Il fallait pour le premier numéro, une figure qui pût à la fois susciter l’adhésion des principaux acteurs et avoir une symbolique forte: ainsi s’imposa George Maciunas, auquel le cinquantième anniversaire du mouvement Fluxus en 2012 donnait de surcroît une forte actualité. Figure polyfacétique et complexe, en laquelle se rencontrent les Etats-Unis et l’Europe, l’art et le graphisme, théorie esthétique, critique sociale et pensée politique, Maciunas est aussi le principal animateur d’un mouvement dans lequel s’ancrent deux aspects majeurs de notre contemporanéité.
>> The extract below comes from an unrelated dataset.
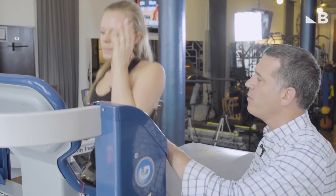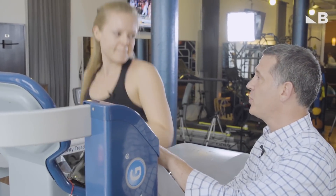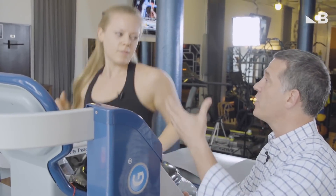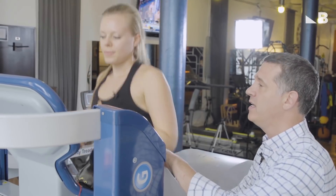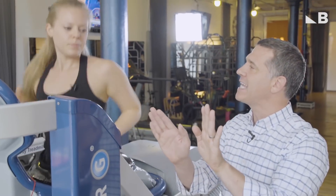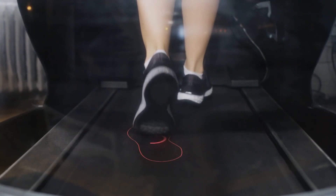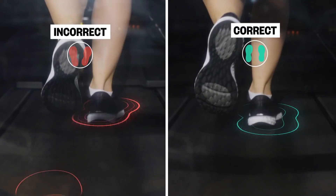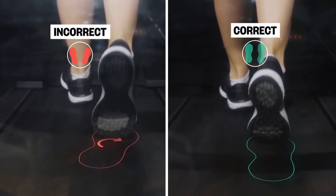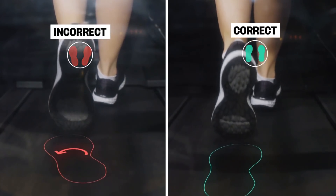During the evaluation we talked about a couple of things that you can work on while you're running, and this is a great tool because you have a lot more control than you would on a treadmill or outside. The first thing I want you to work on is that when you run you typically turn your feet slightly out — I want you to think about turning your feet slightly in. It feels really awkward, but because you're so used to turning out, it's going to feel like you're really turned in, when you're probably going to be more in a neutral position, which is where we want you to be.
Etant, avec l’art conceptuel, à l’origine de la conception extensive de l’art contemporain sous laquelle nous vivons encore aujourd’hui, Fluxus peut aussi être considéré comme un grand initiateur de ce que l’on appelle depuis quelques années le tournant éducatif ou pédagogique de l’art, en vertu duquel l’éducation est envisagée comme une forme d’art et l’art comme une forme d’éducation.»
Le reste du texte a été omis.